Shen Lin Wins Best Paper at EPEPS

ECE Research Assistant Shen Lin was awarded Best Student Paper Award by the IEEE Electronics Packaging Society at the 26th Electrical Performance of Electronic Packaging and System (EPEPS 2017).

EPEPS is the premier international conference on advanced and emerging issues in electrical modeling, analysis, and design of electronic interconnections, packages, and systems.

The winning paper was entitled "A Novel Stochastic Wave Model Statistically Replicating Reverberation Chambers."

ECE Asst Prof Zhen Peng, who guided the work of Shen Lin said, "I am very glad our work was recognized in this large mixed academic/industrial community."

Research for this paper was supported by The AFOSR/AFRL Center of Excellence on the Science of Electronics in Extreme Electromagnetic Environments.

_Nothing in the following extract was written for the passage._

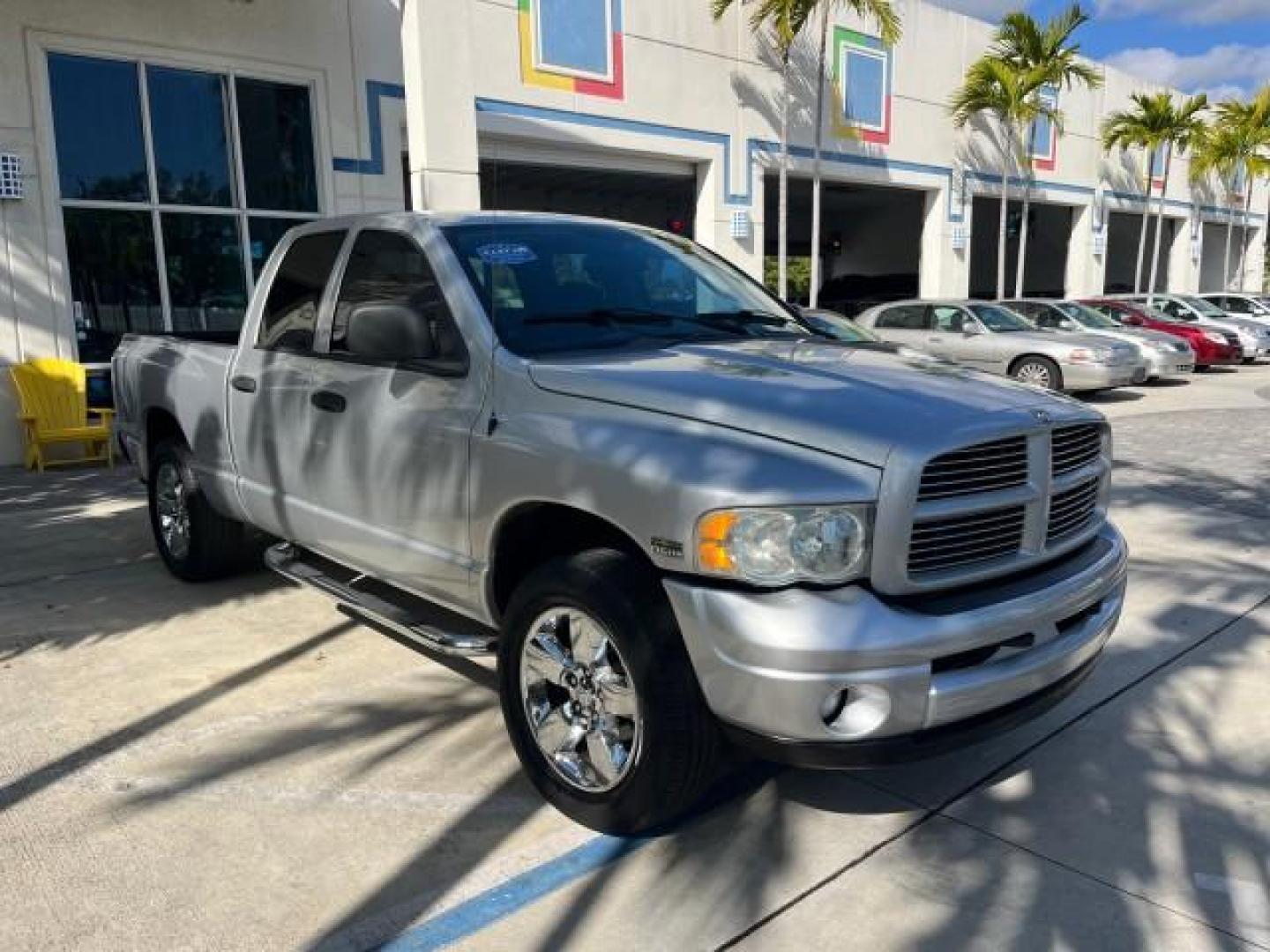 2003 Bright Silver Metallic /Dark Slate Gray Dodge Ram 1500 CREW HEMI SLT LOW MILES 78,951 (1D7HA18D13S) with an 5.7L V8 Hemi Magnum Engine engine, Automatic transmission, located at 4701 North Dixie Hwy, Pompano Beach, FL, 33064, (954) 422-2889, 26.240938, -80.123474 - OUR WEBPAGE FLORIDACARS1.COM HAS OVER 100 PHOTOS AND FREE CARFAX LINK 2003 DODGE RAM 1500 SLT ROAD READY 5.7L V8 VIN: 1D7HA18D13S364293 NO RECALLS 4 DOOR EXTENDED CAB PICKUP FLORIDA OWNER 5.7L V8 F LOW MILES 78,951 GASOLINE POWER SEATS REAR WHEEL DRIVE 6.4FT BED LENGHT Approach Lights Chrome Wheels - Photo#66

Here is a brief description of the work that Dr Peng and Shen Lin are pursuing, as well as an abstract of the paper:

The pervasiveness of smart cities and burgeoning Internet of Things (IoT) enable a more and more connected world. A key challenge emerging is the analysis, design, and deployment of electronic devices and systems in increasingly sophisticated electromagnetic (EM) environments. In the literature, the mode-stirred reverberation chamber (MSRC) has been used as a standard laboratory facility for the immunity, emission, and susceptibility of electronic components to complex random fields. The fundamental question to be answer in this work is: can we investigate fundamental computational algorithms to replicate complex multipath environments, such that the design and optimization of electronics can be performed in the resulting virtual experimental facility?

This paper presents a novel physics-oriented statistical representation for complex multipath environments, and develops a hybrid deterministic and stochastic formulation incorporating component-specific characteristics. The advancements lead to a stochastic wave model statistically replicating mode-stirred reverberation chambers, and establish an imperative design-under-chaos capability for electronic devices and systems. The theoretical work is evaluated and validated through representative experiments.